I think the xe_migrate_clear should not bother whether this is an
initial clearing or a clearing for other reasons, but rather be passed
two flags

"clear_bo_data" and "clear_ccs" or something similar, and also we
should avoid variable names that refer to usage by higher layers of
which the migrate code should have no knowledge.

v3 was to  fix kunit test which should be fix with a double param that 
you are suggesting.

Thanks for looking into this.
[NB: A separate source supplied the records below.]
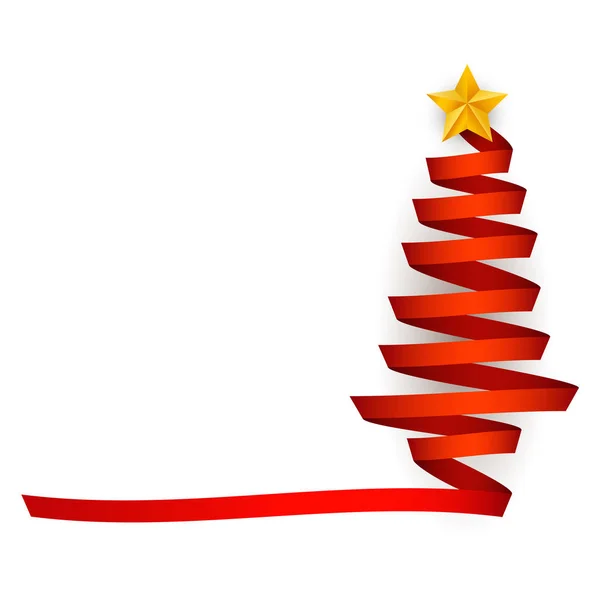 Vecteur plat ruban rouge arbre de Noël avec étoile — Image vectorielle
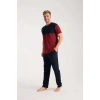 Erkek Bordo Düğmeli Yaka Kısa Kol Pijama Takımı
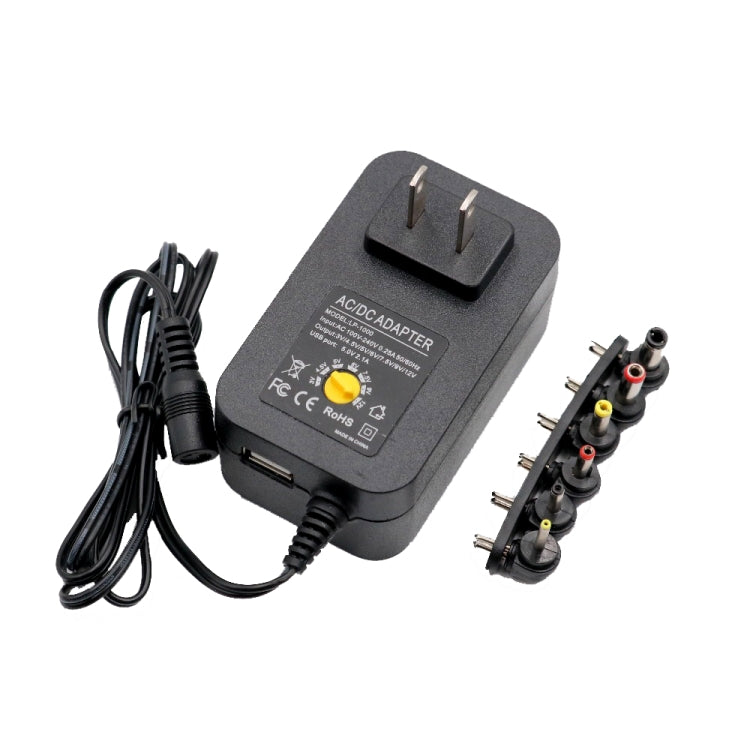 3V 4.5V 5V 6V 7.5V 9V 12V 2A 2.5A AC DC Adapter Adjustable Power Adapter Universal Charger Power Supply 30W, EU Plug, US Plug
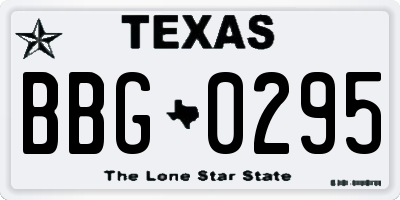 TX license plate BBG0295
I will resend with above suggestions and 
after some more testing.


Thanks,

Nirmoy


/Thomas


  	struct dma_fence *fence = NULL;
  	u64 size = bo->size;
  	struct xe_res_cursor src_it;
@@ -1032,7 +1033,7 @@ struct dma_fence *xe_migrate_clear(struct
xe_migrate *m,
  		batch_size = 2 +
  			pte_update_size(m, clear_vram, src, &src_it,
  					&clear_L0, &clear_L0_ofs,
&clear_L0_pt,
-					clear_system_ccs ? 0 :
emit_clear_cmd_len(gt), 0,
+					!clear_on_create ? 0 :
emit_clear_cmd_len(gt), 0,
  					avail_pts);
  
  		if (xe_device_has_flat_ccs(xe))
@@ -1060,7 +1061,7 @@ struct dma_fence *xe_migrate_clear(struct
xe_migrate *m,
  		bb->cs[bb->len++] = MI_BATCH_BUFFER_END;
  		update_idx = bb->len;
  
-		if (!clear_system_ccs)
+		if (clear_on_create)
  			emit_clear(gt, bb, clear_L0_ofs, clear_L0,
XE_PAGE_SIZE, clear_vram);
  
  		if (xe_device_has_flat_ccs(xe)) {